Getting started with Training Models using Argo Workflows

by Nicolas Guinoiseau | 3.1.2024

Intro

Machine learning models are used in all sorts of applications and services to solve problems that are too difficult to solve with traditional computing techniques (image classification, pattern recognition, etc.). At the early stages of a project using pre-trained machine learning models is a quick way to get started. While this practice can help you figure out the problem to be solved, you often discover that your problem is beyond the basics and therefore requires more attention. Cloud Services such as Amazon SageMaker and Microsoft Azure Machine Learning offer platforms that include end-to-end machine learning pipelines, data transformation, and model training with related APIs. However, these services can prove costly and inflexible for the long run.

For the past two years, I have worked on a service that visualizes and predicts different outcomes from companies financial data, runs on a public cloud and have actively used Argo Workflows to solve various problems. I will demonstrate how we use it in our local machine learning experiments and dwell on the why's and what's.

What is Argo Workflows?

Argo Workflows is one of the Argo Projects, a collection of open source tools for Kubernetes. It is an "open source container-native workflow engine for orchestrating parallel jobs on Kubernetes" as they say themselves, and provide a good bullet-points overview here.

One of our favourites is "Argo Workflows puts a cloud-scale supercomputer at your fingertips!". Let that sink in for a bit.

Why do we want to use it?

Flexibility in the design of simple and complex pipelines
Kubernetes native (great for scale)
Run locally with: minikube, kind, k3s, k3d, Docker Desktop
Store all workflow data locally or remotely
Easily rerun jobs

What does a model training pipeline look like?

Typically it includes the following stages:

Get the raw training data (from some storage, e.g. S3)
Prepare the raw data for fit and evaluation
Fit and evaluate
Gather the evaluation metrics

You might want to use several hyperparameter sets, so let's add them! The training pipeline that we'll create on a high level looks like this:

Few things to take into consideration when designing training pipelines with Argo Workflows

Argo Workflows offers several ways to design multi-stage workflows: DAG, steps, or a combination of both. You can find a multitude of examples in the Argo Workflows repository. For our use-case, I found using steps more intuitive and using it made the logic easier to read.

There are two ways to pass data between stages in a workflow:

Parameters (size limit of 256 kB)
Artifacts

The artifact repository is used for persistent storage (training data, evaluation metrics, models, etc.) and supports a variety of solutions.

Setup for local experimentation

We used the excellent Argo Workflows - Quick Start tutorial to get started. If you want to follow along, you will need kubectl, argo, and a Kubernetes cluster of your choice. Argo Workflows requires a database and an artifact repository. We used the Quick-Start defaults Postgres & MinIO (left out for brevity).

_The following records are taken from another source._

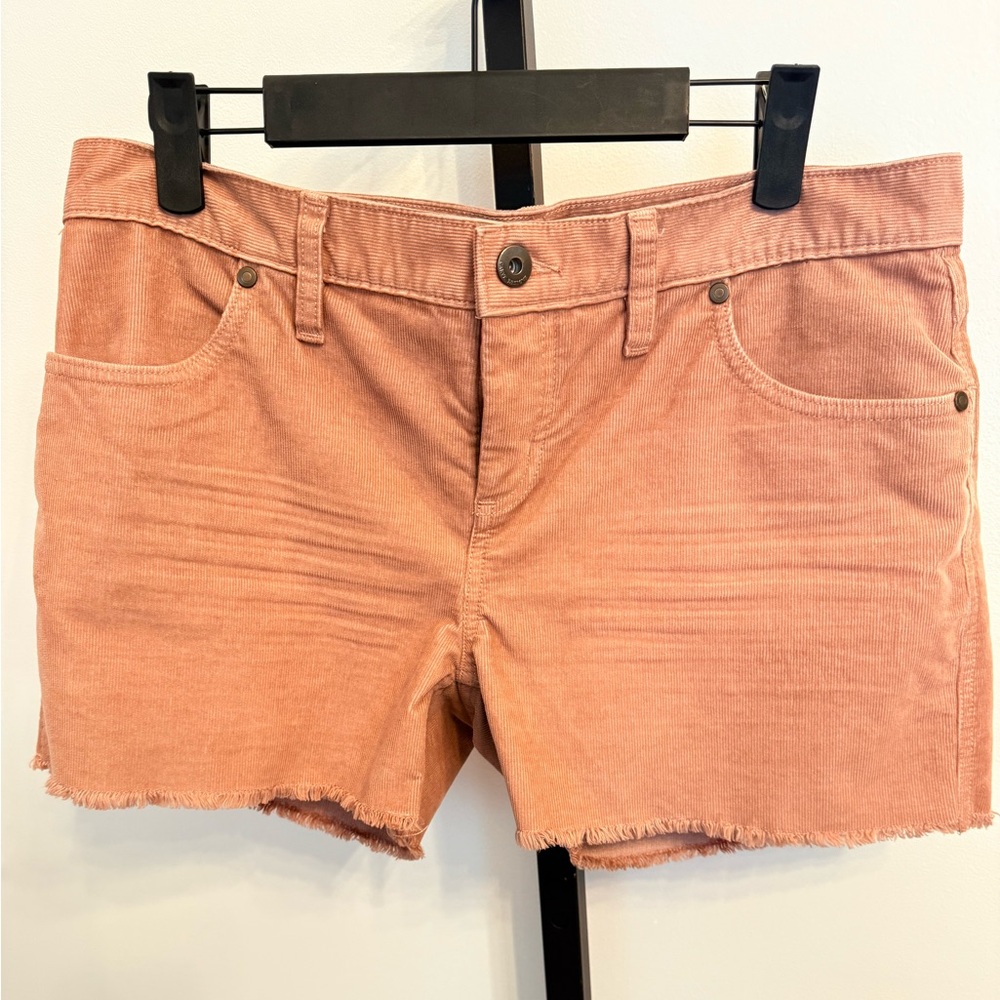 Carve Designs Coral Corduroy Shorts Size 10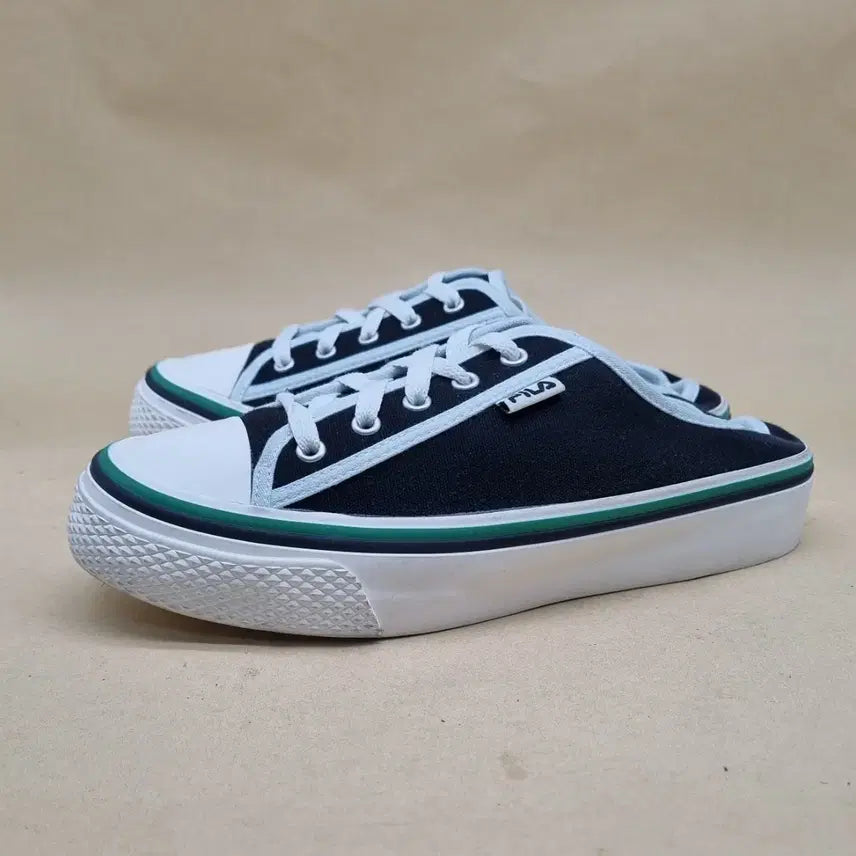 [BUNJANG] Fila Scanline Sneakers (250) / 휠라 스캔라인 스니커즈 250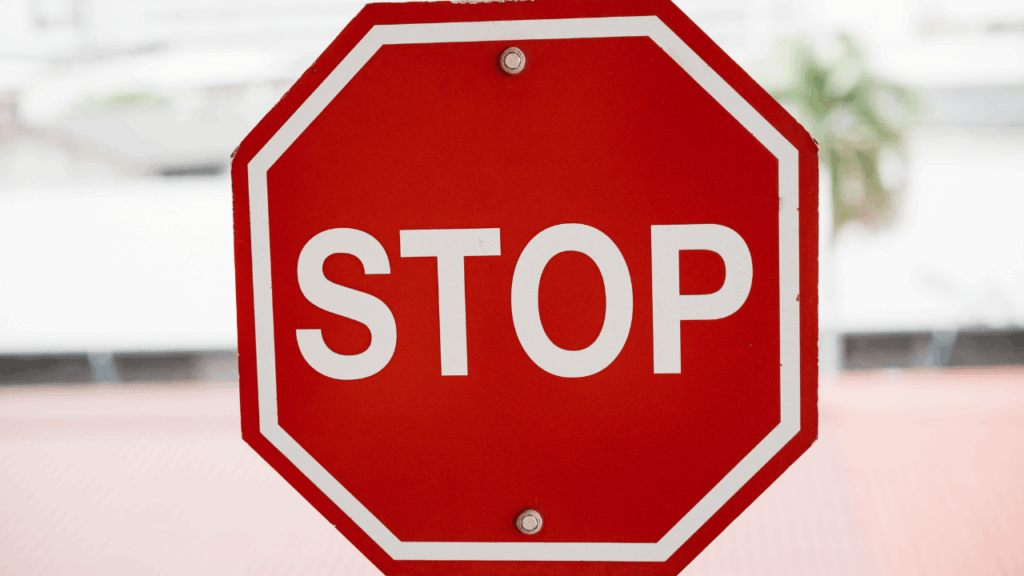 stopと書かれた標識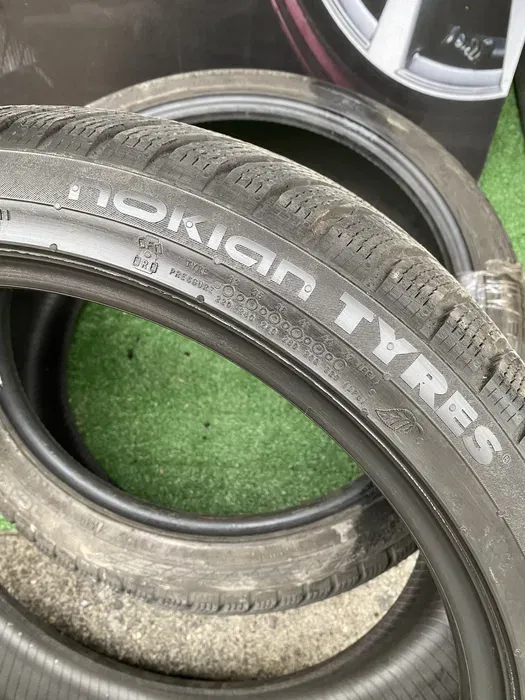 225/40 R19 Nokian SnowProof 22г пара шин зимних.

Going further some familiarity with Kubernetes manifests is a plus!

apiVersion: kustomize.config.k8s.io/v1beta
kind: Kustomization

namespace: argo

resources:
  - https://github.com/argoproj/argo-workflows/releases/dowmload/vx.x.x/install.yaml

patches:
  - path: workflow-controller-configmap.yaml
    target:
      kind: ConfigMap

The workflows-controller-configmap file offers a variety of configuration options. Here we configure:

artifactRepository: where we want Argo Workflow to store artifacts (to be used by other steps and for long term storage)
persistence: see how the individual runs perform. You can also re-run jobs when needed

apiVersion: v1
kind: ConfigMap
metadata:
  name: workflow-controller-configmap
data:
  artifactRepository: |
    s3:
      bucket: dev-argo-artifact-repository
      endpoint: minio:9000
      insecure: true
      accessKeySecret:
        name: my-minio-cred
        key: accesskey
      secretKeySecret:
        name: my-minio-cred
        key: secretkey
  persistence: |
    connectionPool:
      maxIdleConns: 100
      maxOpenConns: 0
    nodeStatusOffLoad: false
    archive: false
    postgresql:
      host: argo-postgres
      port: 5432
      database: postgres
      tableName: argo_workflows
      userNameSecret:
        name: argo-postgres-config
        key: username
      passwordSecret:
        name: argo-postgres-config
        key: password

Templating steps for reusability

In our example each stage is defined as a single-step WorkflowTemplate. They are an easy way to reuse logic in different contexts, for instance, in a future tuning or when continuously retraining models.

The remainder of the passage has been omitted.